FAS – Immagini del tempo sospeso: quel che resta di un sogno industriale

Difficile vedere dei ruderi abbandonati senza subirne il malinconico sottile fascino, soprattutto quando riguardano architetture industriali ormai in disuso. Sembra contengano ancora la fatica, le speranze, le delusioni di chi ci ha lavorato. Sono testimoni di un’epoca, di un sogno, di un’idea. Sono anche i segni di un fallimento, di una scarsa lungimiranza o solo delle crudeli leggi del mercato. Testimoni muti di un’epoca vivono ora in un tempo sospeso.

La FAS, acronimo di Ferriere e Acciaierie Sarde produceva tondino di ferro per cemento armato. Tutto ebbe inizio quando il Commendator Stefana, industriale bresciano, rilevò l’acciaieria dei fratelli Fadda, ai piedi del vecchio ponte della Scafa, per trasferire la produzione nei nuovi capannoni di Elmas negli anni ’60. Negli stessi anni la famiglia Stefana aprì anche un’altro impianto nella zona industriale di Porto Torres, anch’esso ormai in disuso.

La produzione di queste acciaierie ha accompagnato, insieme al cemento delle cementerie sarde, l’enorme boom edilizio del dopoguerra sino alla crisi europea della siderurgia. la FAS era in grado di produrre ogni anno fino a 80.000 tonnellate di tondino per cemento armato occupando, negli anni ’70, una forza lavoro di 280 impiegati. Negli anni ’90 però il sogno svanisce: dissidi familiari e crisi economica portarono al fallimento dell’azienda nel 1995. I capannoni dall’importantissimo valore architettonico – il più grande venne realizzato ad immagine e somiglianza della stazione Atocha di Madrid – sono stati svuotati e abbandonati in attesa di un nuovo futuro che ne preservi la struttura.

“FAS – Immagini del tempo sospeso” è la mostra fotografica di Alessandro Spiga visitabile presso La Libreria di Via Sulis dal 18 al 28 maggio. L’inaugurazione sarà alle ore 19,00 con aperitivo offerto dalle cantine Antigori. L’eclettico fotografo cagliaritano affronta per la prima volta il tema dell’archeologia industriale e lo fa in un racconto per immagini con un bianco e nero dai tratti decisi e dal sapore amaro. Quel che resta di un sogno è contenuto in tanti frammenti di vita, in oggetti dimenticati, nei cartelli ormai inutili e paradossali.

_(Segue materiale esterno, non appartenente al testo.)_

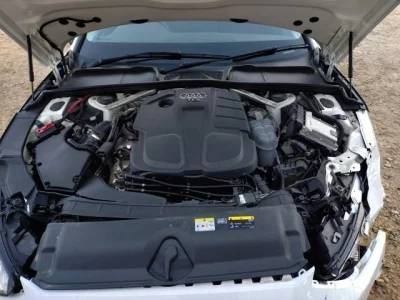 catalog-car-8
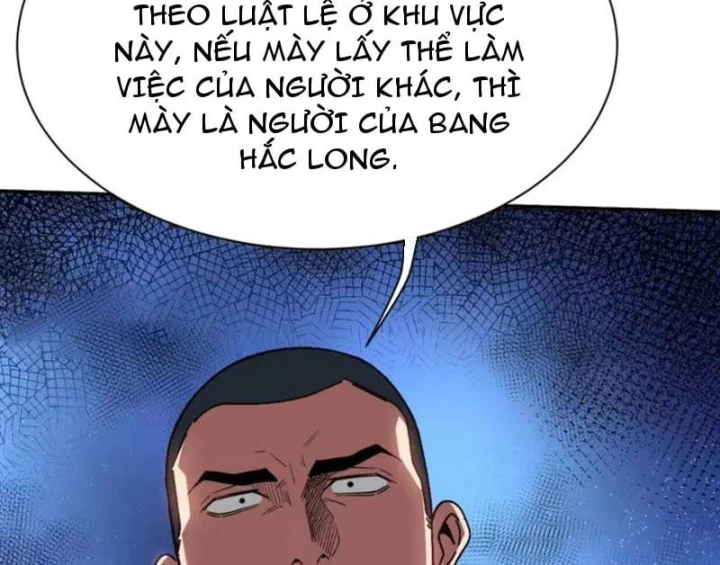 Hạch Đạo Đao Pháp, Ta Một Đao Trấn Thiên Hạ Chapter 44 - 8
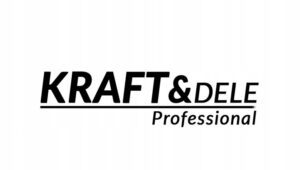 Akumulatorowe Nozyce Trawy Krzewow 2w1 Kraftdele-16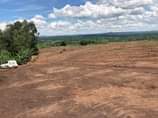 A picture of Maziima bissoboka Book your own plot today 900k smk property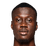 Cheikh Niasse - Team Verona 304859 Football Live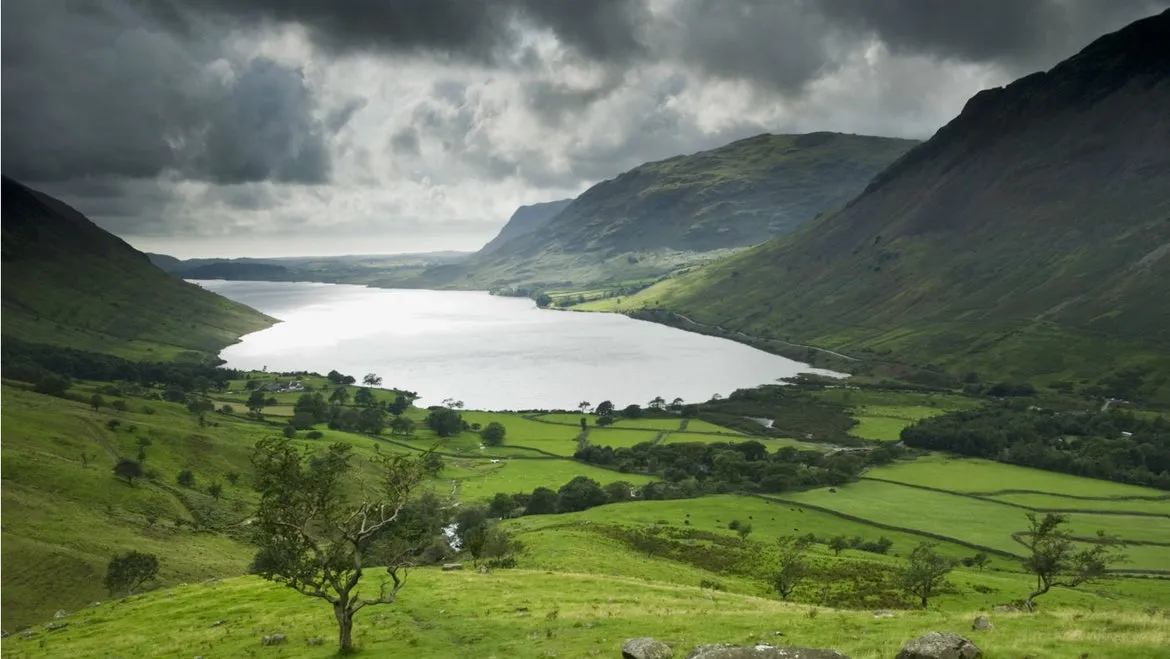 Wasdale Head Inn photo 1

Le belle strutture fanno gola a chi pensa di sostituire con centri commerciali, nuovi paesi dei balocchi della nostra civiltà, le vecchie fabbriche. Siamo un’isola che da produttrice di beni è diventata venditrice di quelli prodotti da altri. E il destino della FAS, dopo le necessarie bonifiche ambientali, sarà questo.

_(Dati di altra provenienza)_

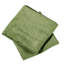 Square Euro Cushion Cover-57501694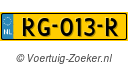 RG013R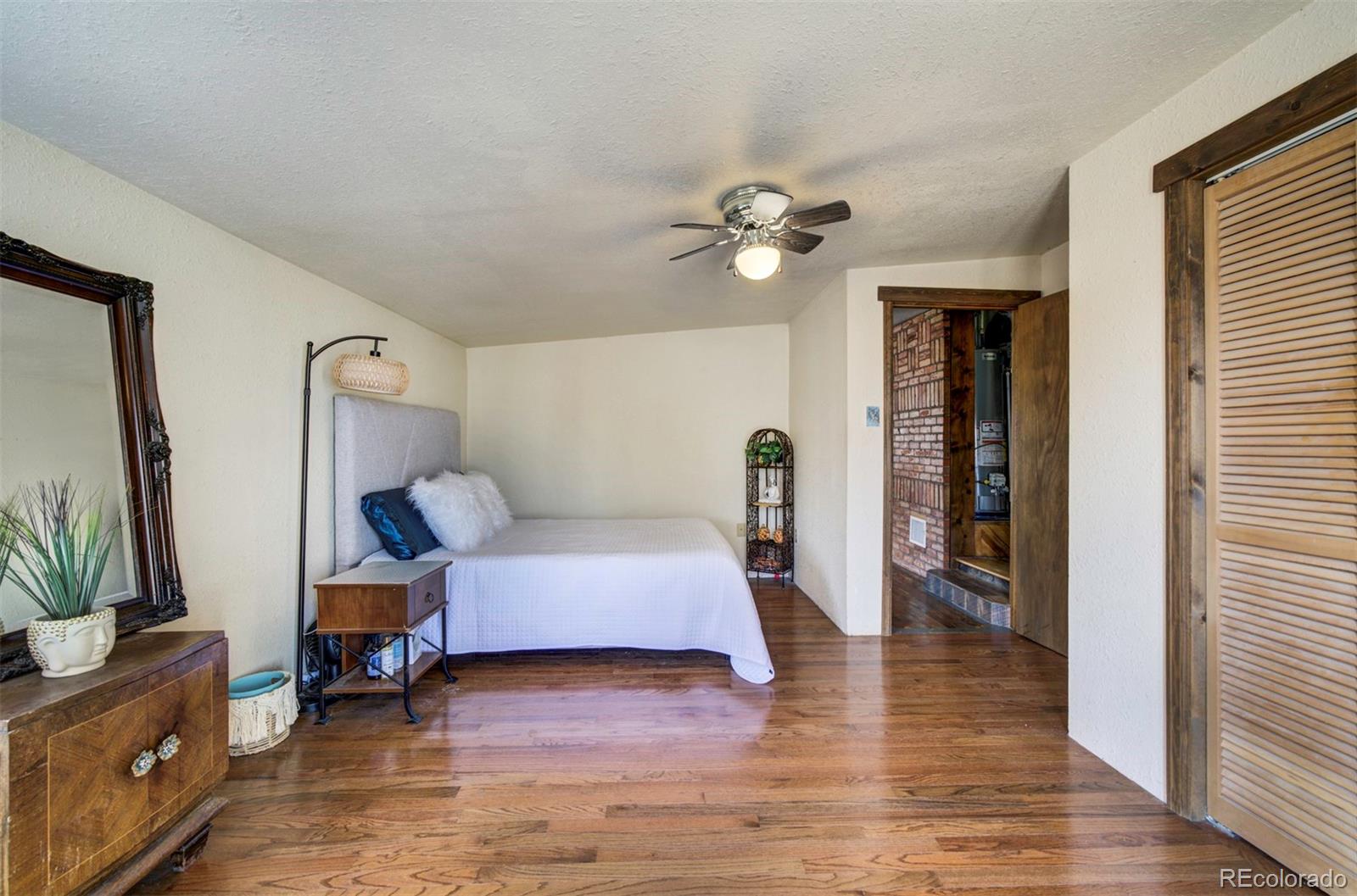 MLS Image #46 for 815 s 6th street,rocky ford, Colorado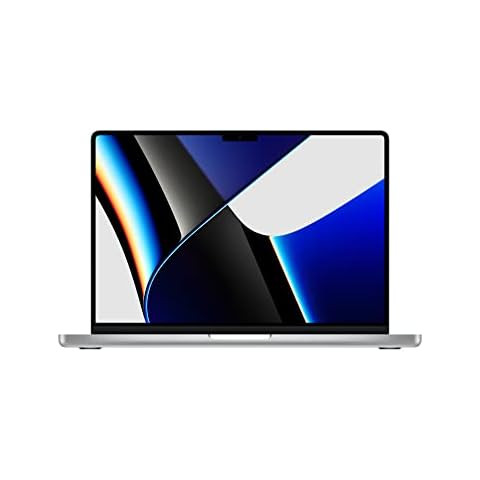 macbook m1 fusion 360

Resta il reportage di Alessandro Spiga a ricordarci un tempo in cui il nostro paese viveva di un equilibrio fra apparato produttivo e commercio, alimentando il secondo con gli stipendi distribuiti dal primo. Restano, come in troppi luoghi della Sardegna, quei capannoni abbandonati ancora in bilico fra passato e futuro. Ancora immersi in un tempo sospeso.